The University of Zurich’s Axel Michaelowa studies climate aid grants. That’s right, it’s not enough to study the climate itself, there appears to be a pressing need to study what happens to the large amounts of cash and other booty bequeathed to various entities around the world in the battle against climate change. Michaelowa conducted a study four years ago in order to track what became of specific climate grants.
What he discovered is neither pretty nor surprising. “There was a huge misrepresentation, governments were actually really not able to report properly” on what became of their aid to help countries reduce carbon dioxide emissions. His study uncovered a large number of “projects without any conceivable climate change connotation.” Among these was Belgium funding for a “love movie festival,” in Africa, over a decade ago. Also among them was a U.S.-funded study on Savannah elephant sounds, and uniforms for park guardians in Central America courtesy of aid from Spain.
Romain Weikmans, a researcher at Brown University’s Climate and Development Lab, described this governmental non-accountability by saying, “It’s really a process of lying the more you can.” He and Timmons Roberts, a professor at Brown, studied 5,201 projects mentioned by developed nations and claimed that 3,444 of them “did not explicitly link project activities to addressing climate vulnerability.” (Emphasis/italics mine). “Climate finance accounting is the wild west,” Roberts said. Weikmans said that, a few years ago, a 33 million euro pledge from one nation suddenly doubled on the books “thanks only to methodological changes in accounting.” Much like the data on global warming itself!

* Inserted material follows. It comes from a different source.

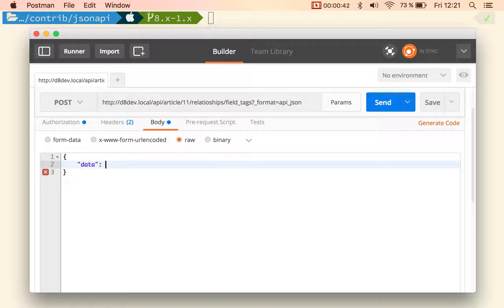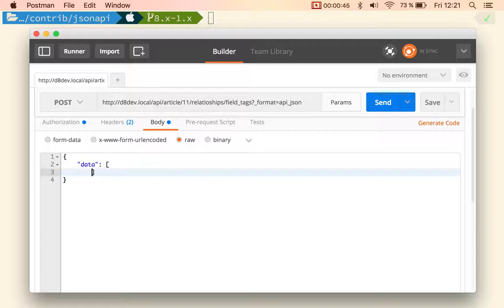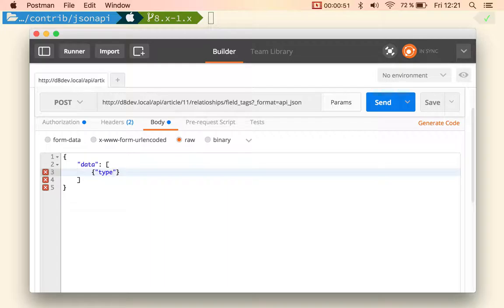And I'm going to post a bunch of tags, type.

It shouldn’t come as a shock to scientists or professors- or anyone else for that matter- that this occurs. Governments constantly utilize “creative” accounting methods and other mathematical slights-of-hand to come up with figures on revenue, spending, taxation, unemployment, current fund levels, et. al.
Climate change spending has morphed into a feel good global poker game with all proceeds going to… charity? Well, somewhere.
John Kerry (U.S.): “Well, that’s a nice pot there boys… Francois, we’ll see your $100 billion and raise you a Barbara Streisand concert in Myanmar and an interpretative center on Mt. Kilimanjaro!”